Could some of that have been discussed in the open? Perhaps a little. But it’s not so easy to extract those fragments of property matters from the rest, and sometimes it’s hard to tell until after a discussion whether all of it needed to be in camera. If I failed to stop the meeting so we could rise to public session to debate, say, the condition of the roof, and then retreat back in camera to continue with the rest, I apologize. It wasn’t done to hide anything, just that the discussion moved quickly and most issues were properly dealt with in camera.

I understand that from the outside, it may look like we’re doing the double-double-toil-and-trouble routine in the “cone of silence” but all we were doing is just treading the slow path of bureaucracy and legality, under the watchful eyes of staff (who wield a rather mean Municipal Act when we stray). We call it “due diligence.”

It must disappoint a few readers that this council has had a LOT fewer closed-door meetings than last council, where it seemed sometimes, we were closeted for hours at a time, every Monday. The prosaic but dull truth is that as the municipal government, we have issues we need to discuss in camera and the Municipal Act clearly lays them out. Just read the Act.

Conspiracy theory 2Are their malevolent lobbyists scurrying around in the shadows, twisting our arms to broker their deals, perhaps mesmerizing us with under-the-table gifts so we vote a certain way? Another apology. I know that some of you really want to believe that, but not one councillor I have spoken to was approached a single time or lobbied over any decision we’ve made at the table. As for gifts, I have yet to be bought a coffee by a lobbyist, let alone a yacht or a Mediterranean cruise.

We’re anachronisms, it seems, by today’s political standards: tediously honest and boringly dedicated.

And the town didn’t cut anyone a cheque for those services or sales.
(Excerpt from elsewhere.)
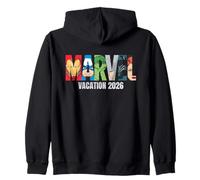 Marvel Avengers Vacation 2026 Matching Group Trip Logo Zip Hoodie
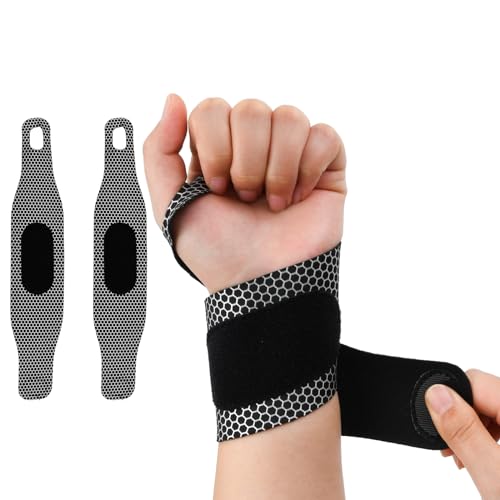 Pack van 2 Zwarte Pols Wacht voor links of rechts ademend hand Pols Rest Pols Ondersteuning Polsband voor mannen Sport bescherming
No commission cheques. That must burst a few bubbles, and not the ice rink-swimming pool kind. I know you won’t rest easy until you can lift every rock and uncover something untoward, but so far that search has proven as barren of life as the soils of Mars. Just because it never happened shouldn’t stop anyone from filing a Freedom of Information request, if you need the reassurance. Again.

Backroom deals? You mean the “barbeque politics” where we do the nudge-nudge-wink-wink over a beer and a slap on the back? Haven’t been any that I’ve been invited to. I’ve had coffee a few mornings with one or two councillors, and we’ve exchanged personal thoughts on agenda items and municipal matters, but two or even three  councillors meeting at public places is a pretty thin context for a conspiracy, let alone a coup. We’re having all of our “awkward discussions” in public, at the table, I’m afraid, not in cliques.

Yes, we’ve stumbled here and there over procedural issues and we’re not always good at communicating with the public. We’re so eager to get things done, and move on, that we might appear hasty to some people. Overall, those are minor faults; they don’t exactly point to a cabal of malfeasant councillors scheming and plotting for personal gain. By and large this is a good, effective, council.

For those of you who like to dabble in conspiracy theories, I’m afraid this council is a disappointment. You won’t get much satisfaction from us this term. But take heart: all is not lost, You still have the Mayan Apocalypse to look forward to.